I went with the Halifax because it could carry a good bomb load, pretty good range, and I like they way it looks with either the Merlin's or the Hercules engines.


----------



## book1182 (Nov 29, 2005)

I would chose the Wellington also. It was developed into more roles after it was phased out of front line service with bomber command than the Whitley. It was a transport, costal patrol, underwater mine destoryer, and used for radar training. It was probably used for even more than that but I can't think of any more.


----------



## DerAdlerIstGelandet (Dec 2, 2005)

Of the heavies you have to go with Lancaster.


----------



## Gemhorse (Dec 7, 2005)

Most of us DO cherish our chances of survival if ''we were in Bomber Command,'' for so many of us to have made the same instant choice I did when voting....it was indeed a unique aircraft of it's time, especially when virtually every Mosquito in Bomber Command carried no guns, relying on speed and agility for survival...For all those crews who flew, each knowing they barely had a pistol for self-defence, man, that took courage, of the stainless-steel kind, especially the Pathfinders who marked through the raids from all levels....

Depending on taste for adrenalin, what do you guys reckon would have appealed to you, flying Mosquitos in which branch of Bomber Command ? 

For example, the Light Night Strike Force, a special branch comprising all Mosquitos, was a fast growing force by the end of the War, especially on the Berlin run, and were counted as a Main Force raid.....

For myself, the pre- and post- Photo Reconnaissance or Meteorlogical Flights were of great fascination; all-weathers, altitudes, high and low, the art of evasion, etc.etc.......


----------



## loomaluftwaffe (Jan 17, 2006)

i wanna die so im flying a whitley, OVER BERLIN  


'hate my life


----------



## DerAdlerIstGelandet (Jan 17, 2006)

What kind of music do you listen to. If its Heavy Metal can I have your CD collection?


----------



## the lancaster kicks ass (Jan 17, 2006)

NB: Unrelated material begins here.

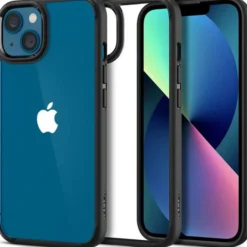 Spigen Apple|Iphone 13-Etui iPhone 13 Etui Ultra Hybrid Black Case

and if you want a really classey way to die in a whitley? go for a parchute jump out the hole cut in the floor, smash your face on the way out so badly you're in too much pain to pull your chute and land, no, it really did happen


----------



## loomaluftwaffe (Jan 18, 2006)

DerAdlerIstGelandet said:


> What kind of music do you listen to. If its Heavy Metal can I have your CD collection?



i only listen to local music, and besides, i lost most of my 
CDs since i moved in, the arpenters stole 'em

a bloody way to die is to smash out of the side of a whitley and get  by the propellers....


----------



## the lancaster kicks ass (Jan 21, 2006)

how're you gonna manage to do that


----------



## cheddar cheese (Jan 21, 2006)

If I wanted to die id play Russian Roulette, by bailing out of a P-38. (Plane, not gun  )


----------



## mosquitoman (Jan 21, 2006)

If you really wanted to die in Bomber Command it would have to be the Fairey Battle, don't use the Whitley- they were good IMO, better than Hampdens anyway


----------



## Mosin (Jan 21, 2006)

Id be in a naval wing. Dont know exactly what they did but i have always loved naval patrol planes and squadrons.


----------



## evangilder (Jan 21, 2006)

cheddar cheese said:


> If I wanted to die id play Russian Roulette, by bailing out of a P-38. (Plane, not gun  )



And not _this_ P-38?


----------



## FLYBOYJ (Jan 21, 2006)

Mosin said:


> Id be in a naval wing. Dont know exactly what they did but i have always loved naval patrol planes and squadrons.



Yep - a VP Squadron on Key West






Then to Sloppy Joe's for Happy Hour!


----------



## wmaxt (Jan 21, 2006)

cheddar cheese said:


> If I wanted to die id play Russian Roulette, by bailing out of a P-38. (Plane, not gun  )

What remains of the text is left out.